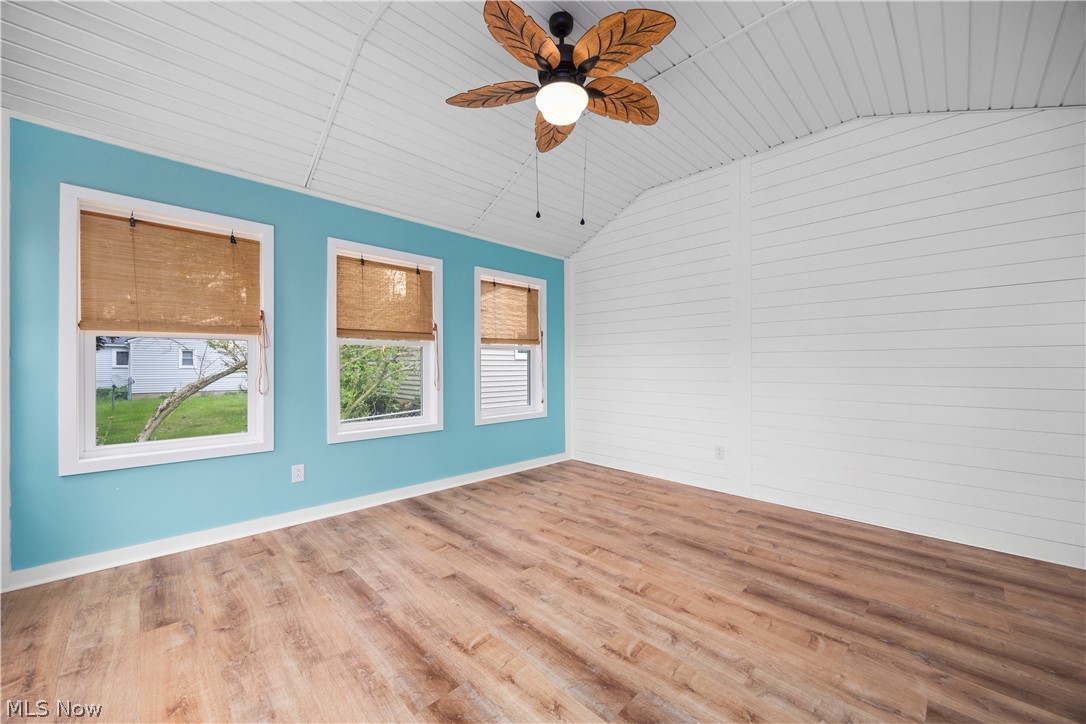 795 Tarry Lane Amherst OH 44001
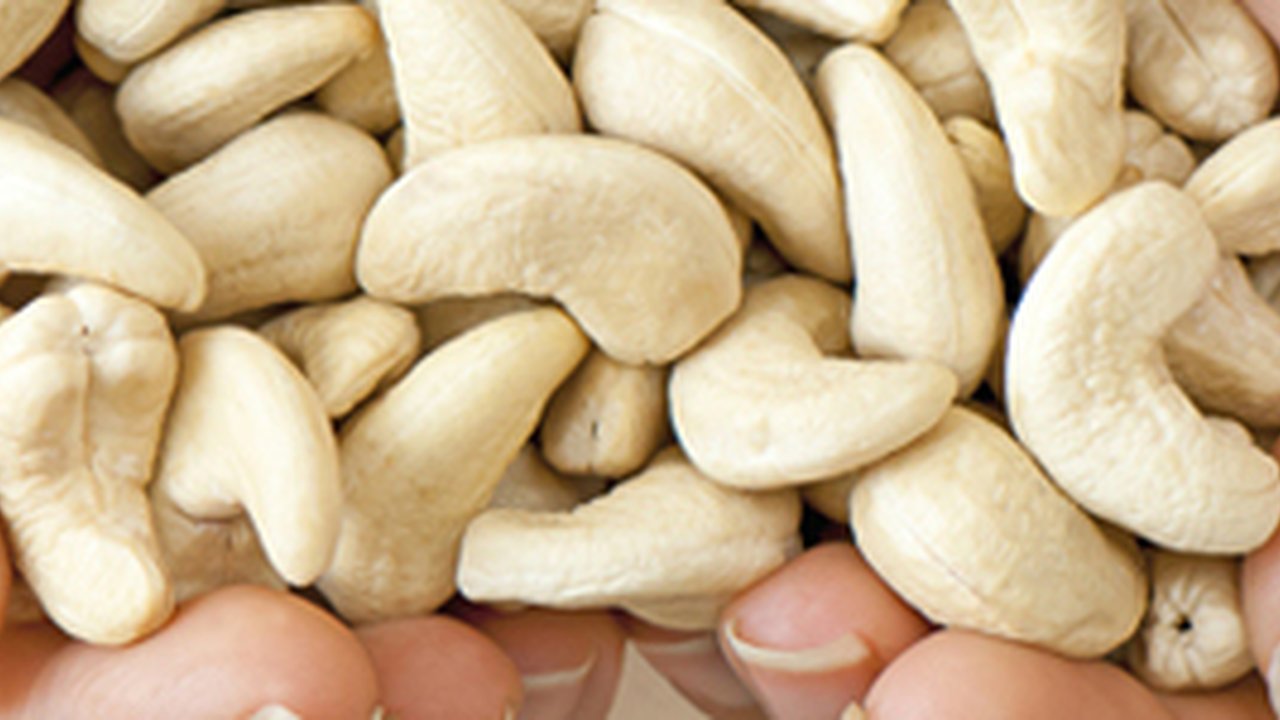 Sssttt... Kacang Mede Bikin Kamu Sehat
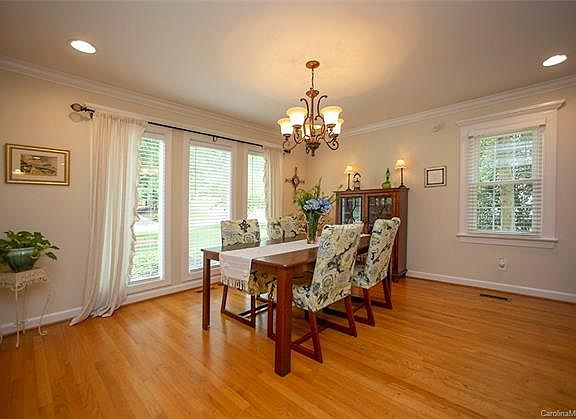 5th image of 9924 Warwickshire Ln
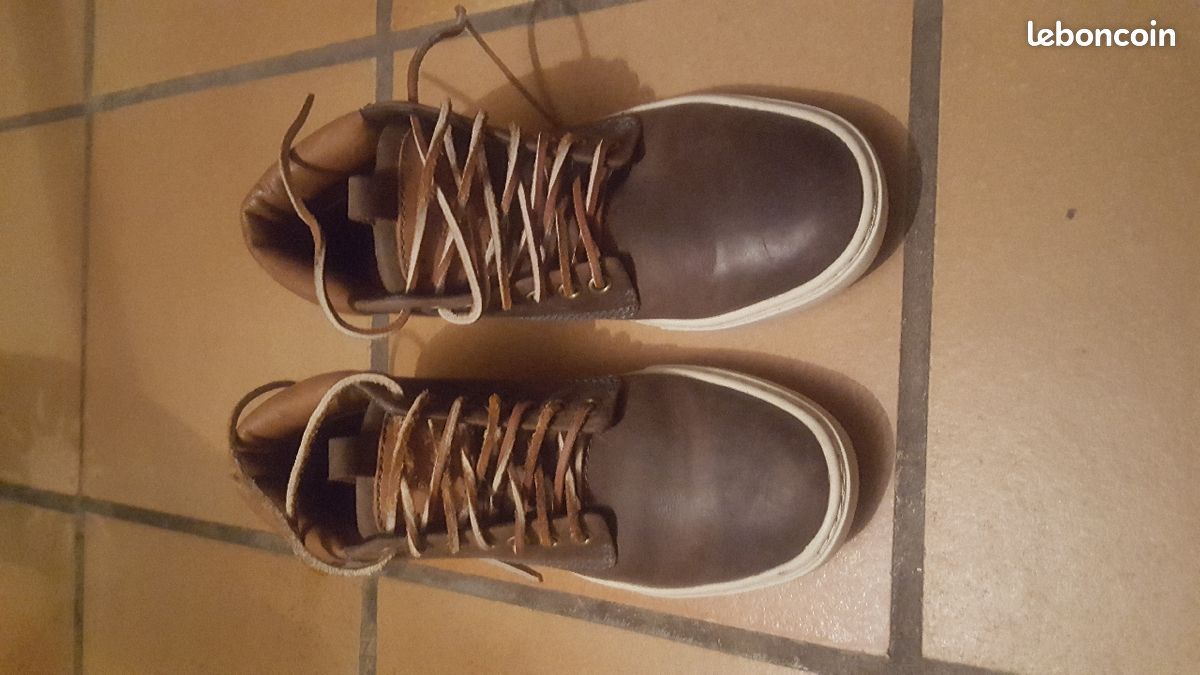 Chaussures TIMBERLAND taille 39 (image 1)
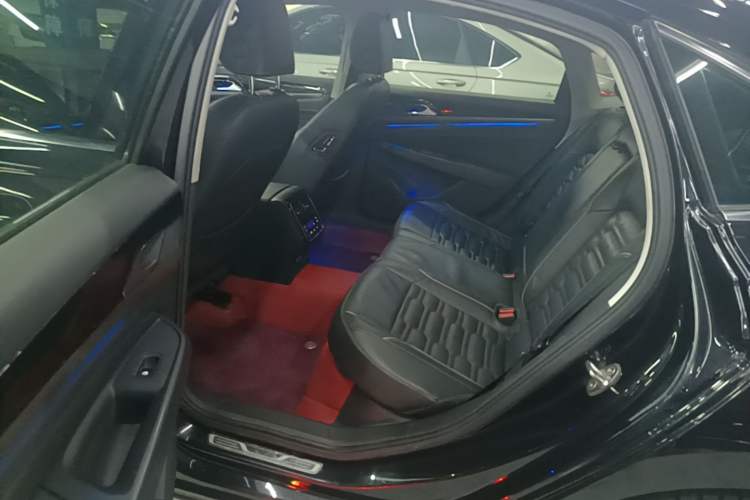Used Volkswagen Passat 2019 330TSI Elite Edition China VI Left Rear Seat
^^^^^^^^^^^^^^^^
**PROBLEM**
Every picture stays out; reproduce exactly the lines from the one with "5th image of 9924 Warwickshire Ln" through the last line of the data above.

**ANSWER TO THE PROBLEM**
 5th image of 9924 Warwickshire Ln
 Chaussures TIMBERLAND taille 39 (image 1)
Used Volkswagen Passat 2019 330TSI Elite Edition China VI Left Rear Seat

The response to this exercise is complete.